しかし少し前は、それでも良いか悪いかは別にして、誰でも「言い訳」をしていたように思う。しかし最近その「言い訳」が聞かれなくなって、やたら弁護士の「心神喪失」という第3者的な言い訳ばかりが目立つようになった。
要は世の中が余り深く考えなくなった、つめて考えなくなった風潮の結果かもしれない。悲しいことだ。
だがその中国を歩いてみて、まだこの旧思想と批判された言葉が言葉としてだけでなく、具体的な行動の指針として人々の間に息づいていることが分かり、人間は捨てたものではないと改めて感じている。
日本と違うのは、中国は日本ほど資本主義に毒されていないのかもしれない。
さて、今日は「義」という文字の由来・語源に焦点を当ててみたい。
ここで再び唐漢氏に登場願う。彼曰く、
甲骨文字「義」 |
金文「義」 |
ここで「羊」はこの種の頭上にある大きく湾曲した角を指す。その意味は羊の統率指導権や交配優先権を表すものだと解釈されている。

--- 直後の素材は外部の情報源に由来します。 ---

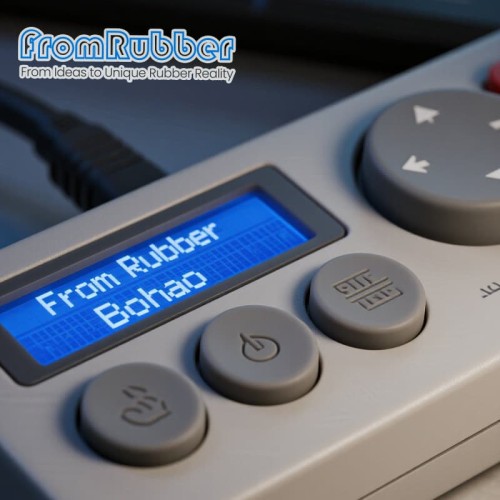 Customized Raised/Recessed Character Silicone Keypad Buttons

そして「我」というのは古代の長い柄の一種の兵器のことであるが、形が美しく作られ実際の戦闘には不向きで、軍隊の標識用に作られたものだとしている。したがって「義」という字は、本来は「羊」の頭を指し自分あるいはグループの権力、戦闘に向かう集団の権力の誇示に並べたものであろうということである。
このことから「義」は情理・正義に合致した名目の立つ出兵を示し、公正適切な言行を指すようになったということである。
このことから考えると先ごろのアメリカ・イギリスなどのイラク攻撃には一体いかなる「義」が存在したのだろう。一旦この「義」が地に捨てられてしまうと、後は強肉弱食のカオスの世界しか残らない。
このことを「天地人」の作者は最も言いたかったのではないだろうか。